If tested by the number of witnesses, the weight of evidence with respect to the amount of coal taken is certainly with appellant. While the number of witnesses examined is a consideration always to be looked to, yet, that of itself is by no means to be regarded as a controling one. There are many other equally important tests of truth, chief of which is that of a cross-ex-animation in the presence of the court and jury. The witness’ manner, demeanor and bearing upon the stand,—bis replies, whether frank and open or reluctant and evasive,—his manner of expressing himself, whether moderate, dignified and respectful on the one hand, or extravagant, impertinent and reckless on the other,—his intelligence and means of information with respect to the matters of which he speaks,—his relation to the parties to the suit,—his interest in the question between them, or in the subject matter of the suit,—are always of vital importance in determining to what, if any, credit the witness is entitled.

These considerations are essential elements in every judicial investigation through the instrumentality of witnesses. They are among the great lights and aids that enable the court and jury to arrive at the truth. But, unfortunately, in the nature of things, most of these tests of truth that are such powerful aids to the court and jury that try a cause, can not be preserved in or transcribed upon the record of it, and by reason thereof they are wholly lost to a superior court when reviewing the testimony of the witness who testified in it. For this reason it has become a well settled rule, that courts of error will not reverse a case merely because, in the opinion of such court, as appears from the record, the weight of evidence was against the verdict.

One of the great objects of a jury trial at all is to settle and determine questions between witnesses whose statements are contradictory and' irreconcilable.

In Chicago and Rock Island Railroad Co. v. McKean, 40 Ill. 218, this court said: “The weight of evidence does not depend upon, nor is it made up-of, numbers of witnesses, but of the matter sworn to, and the position of the witnesses and their capacity to hear or see, as the case may be, are elements to be taken into consideration in weighing the testimony.”

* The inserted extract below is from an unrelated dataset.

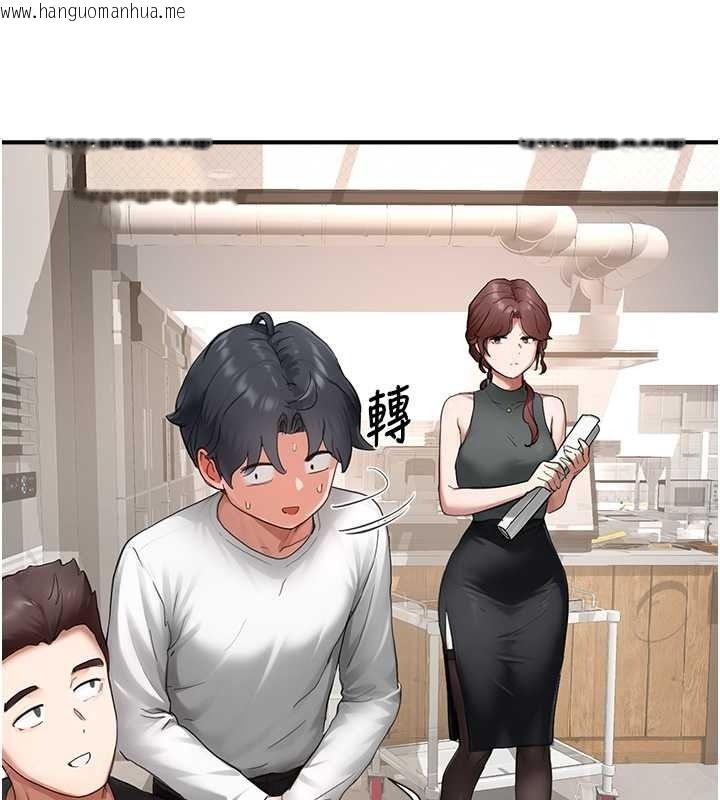 韩国漫画成人漫画取材课韩漫_成人漫画取材课-第16话-不可以勃起…!!在线免费阅读-韩国漫画-第39张图片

In Bishop v. Busse et al. 69 Ill. 403, it was said: “The question, whether a verdict should be sustained or set aside as to the finding of the facts, does not depend on the number of witnesses testifying on each side of the disputed points. The number of witnesses may be on one side, while the decided weight of evidence may be on the other.”

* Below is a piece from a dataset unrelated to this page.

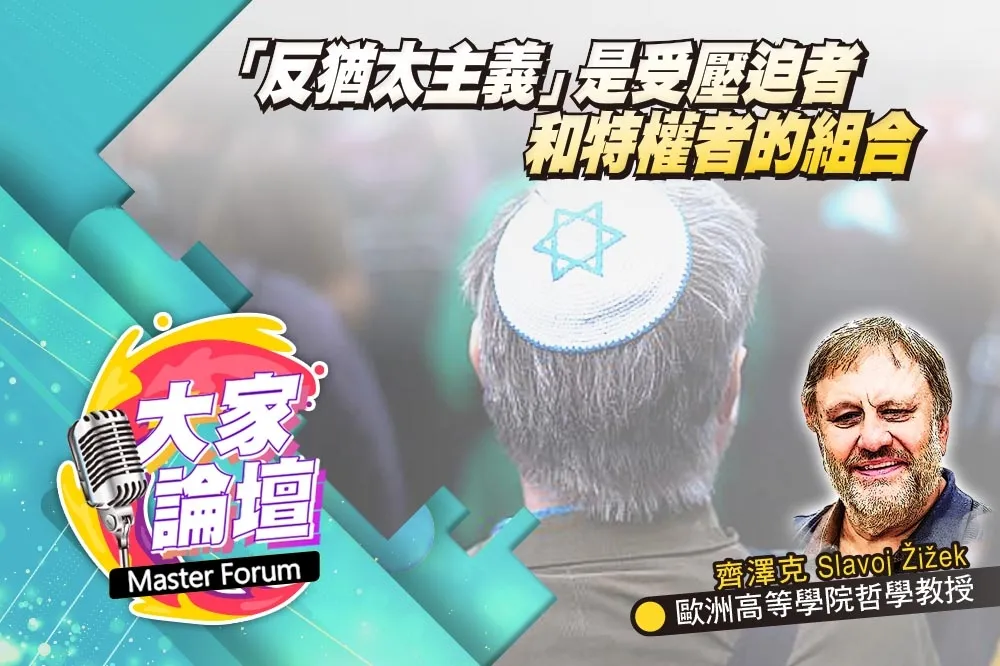 《大家論壇》法西斯視角：「反猶太主義」是受壓迫者　和特權者的組合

In Hubbard v. Rankin, 71 Ill. 129, it was said: “It does not follow, from the fact that two witnesses to the same transaction testify in direct opposition to each other, there is no preponderance of evidence in favor of the one holding the affirmative of the issue, as such a rule would rob the jury of their peculiar province of judging of the credibility of witnesses.”

Again, in Chicago, Burlington and Quincy Railroad Co. v. Dickson, 63 Ill. 151, it is said: “In determining an issue of fact it is not mere numbers of witnesses that should control, but a variety of considerations enter into the determination as to where the weight of evidence lies; of these are the intelligence of the witnesses, their fairness and means of' information, and corroborating circumstances.” And to the same effect many other cases might be cited, but we deem it unnecessary to do so.

This court has often had occasion to state the general rules and principles by which courts should be governed in refusing or granting new trials; and has also frequently had occasion to determine under what circumstances it would be error to refuse one on the ground that the verdict is not supported by the evidence.